Leaving out every picture, copy the lines of the data exactly, from the first through the line containing "In my thesis, I".

BEGIN DATA EXCERPT

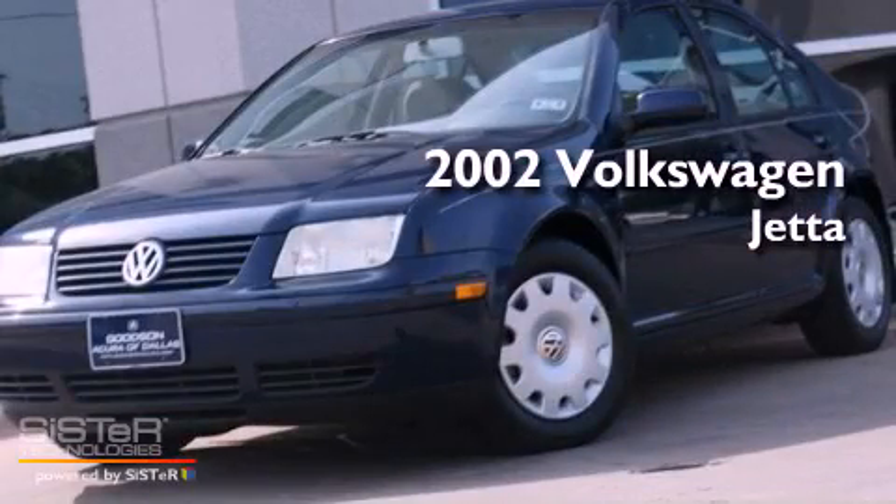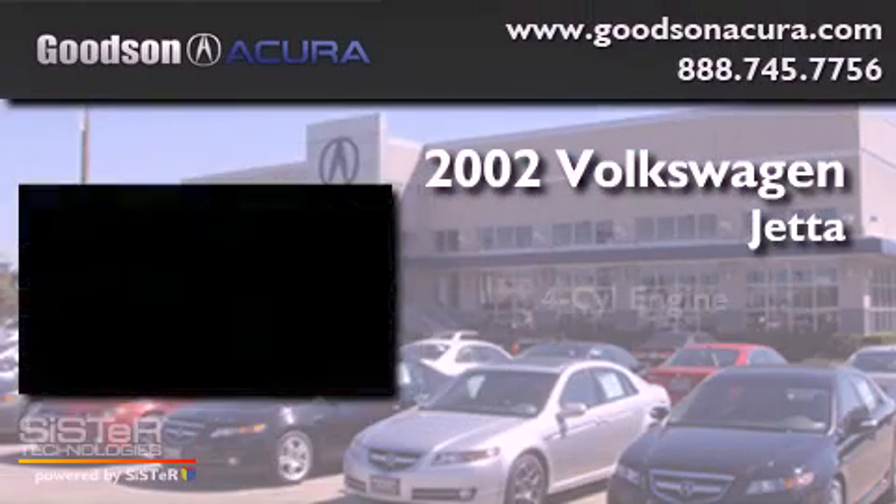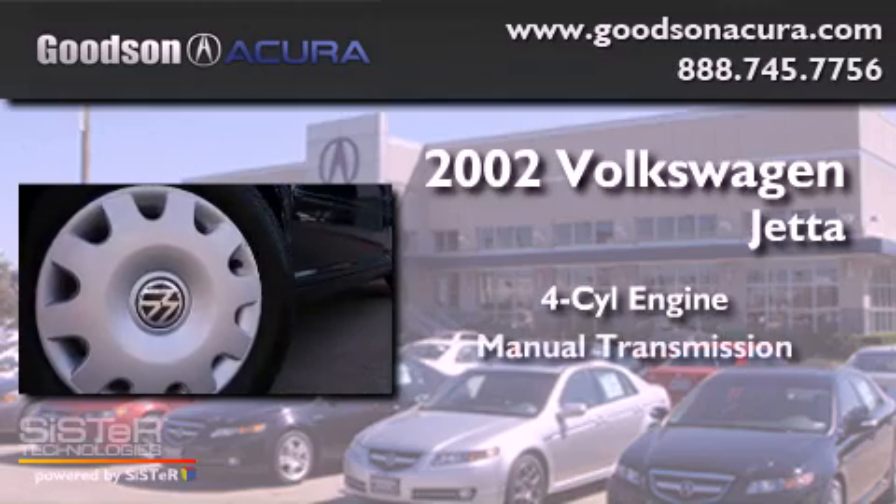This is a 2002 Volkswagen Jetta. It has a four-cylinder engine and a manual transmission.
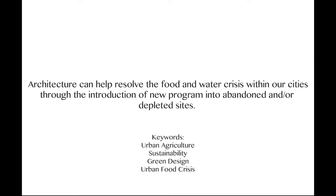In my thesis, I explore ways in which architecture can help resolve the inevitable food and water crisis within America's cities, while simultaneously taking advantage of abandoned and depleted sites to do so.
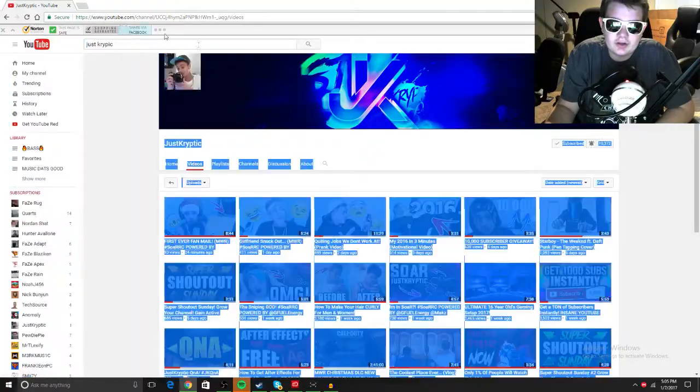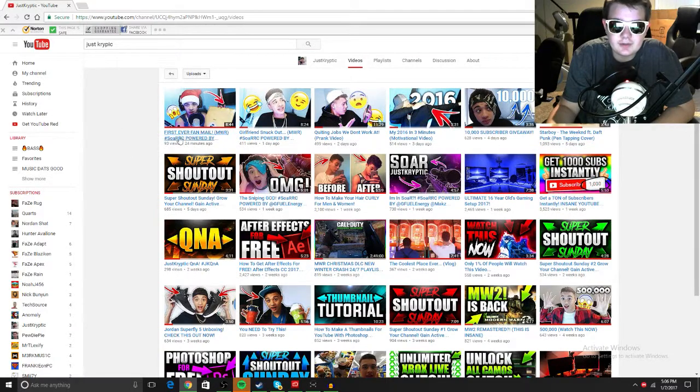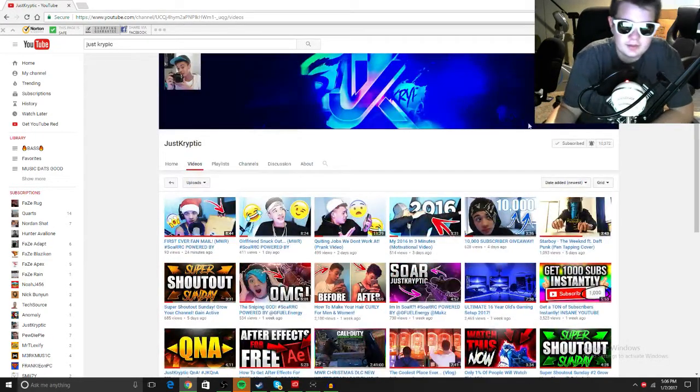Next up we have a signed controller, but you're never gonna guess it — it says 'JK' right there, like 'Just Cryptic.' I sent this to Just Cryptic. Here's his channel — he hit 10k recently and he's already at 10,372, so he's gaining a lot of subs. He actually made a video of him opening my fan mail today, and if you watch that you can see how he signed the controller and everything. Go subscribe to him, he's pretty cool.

END DATA EXCERPT

• _TASK RESPONSE_:
This is a 2002 Volkswagen Jetta. It has a four-cylinder engine and a manual transmission.
In my thesis, I explore ways in which architecture can help resolve the inevitable food and water crisis within America's cities, while simultaneously taking advantage of abandoned and depleted sites to do so.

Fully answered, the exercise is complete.